Example To provide an example and a sense of scale, consider a problem from Data Reduction and Error Analysis, 1e, by Philip Bevington, table 6-2, representing measurement for radioactive decay: $$ \begin{array}{rr} time & count\\\hline 0 & 106 \\ 15 & 80 \\ 30 & 98 \\ 45 & 75 \\ 60 & 74 \\ 75 & 73 \\ 90 & 49 \\ 105 & 38 \\ 120 & 37 \\ 135 & 22 \\ \end{array} $$ The least squares solution is $\left[ \begin{array}{c} a \\ b \end{array} \right]_{LS}=\left[ \begin{array}{c} 108.132 \\ 0.99167 \end{array} \right]$ with a $r^{2}\left( \left[ \begin{array}{c} a \\ b \end{array} \right]_{LS} \right)=966$, the minimum value.

If the data are transformed logarithmically, $\left[ \begin{array}{c} a \\ b \end{array} \right]_{T} = \left[ \begin{array}{c} 118.502 \\ 0.9897197 \end{array} \right]$. The value of $r^{2}$ at this point is 1256.

The two solutions are displayed in the plot below show the merit function $r^{2}\left( \left[ \begin{array}{c} a \\ b \end{array} \right] \right)$ using the original trial function.
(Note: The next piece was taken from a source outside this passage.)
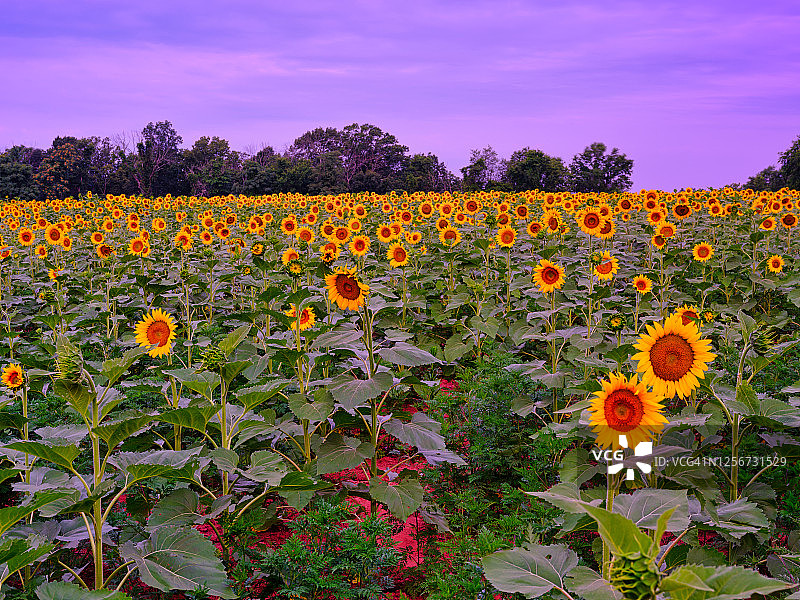 蓝色时刻的向日葵田野图片素材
The least squares solution is the central cross at the minimum; the solution for the logarithmically transformed equations is marked by a star.

Least squares solutions for the linear problem (+) and the logarithmically transformed problem (star).
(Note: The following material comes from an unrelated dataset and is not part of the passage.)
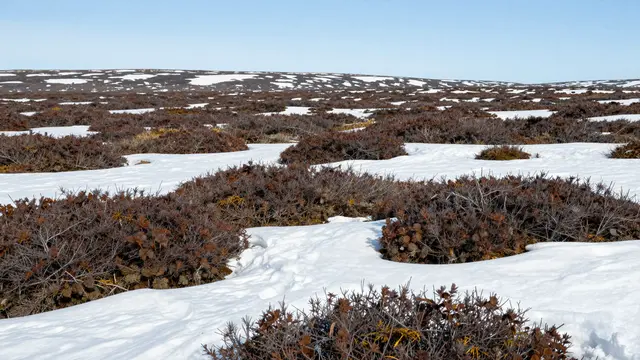 Patchy snow sits between low brown tundra shrubs under a pale clear blue sky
The following figure plots the different solutions against the data points (solid: original problem, dashed: transformed problem. The previous plot is much more useful for distinguishing between solutions.

Comparing the solutions to the data points.

Back to least squares There are many ways to find the minimum of this two dimensional surface. But even better, we can reduce the problem to one dimension. Least squares does offer a path to reduce a two parameter minimization problem to that of one parameter which is easier to solve. Start with the minimization criterion for the linear parameter $a$ $$ \frac{\partial} {\partial a} r^{2} = \sum_{k=1}^{m} \left( y_{k} - a b^{x_{k}}\right)^2 = 0. $$ We can recast this relationship to express $a$ as a function of $b$, $\hat{a}$. This provides a formulation for the best value of $a$ at each value of $b$: $$ \hat{a}(b) = \frac{y_{k}b^{x_{k}}} {b^{2x_{k}}} $$ The merit function is reduced to that of a single variable $$ r^{2}\left( \left[ \begin{array}{c} \hat{a}(b) \\ b \end{array} \right] \right) = r^{2}\left( b \right) = \sum_{k=1}^{m} \left( y_{k} - \frac{y_{k}b^{x_{k}}} {b^{2x_{k}}} b^{x_{k}}\right)^2, $$ a function with a distinct minimum as seen in the following plot.

The merit function for the reduced problem has a unique minimum which is easy to trap because of monotinicity.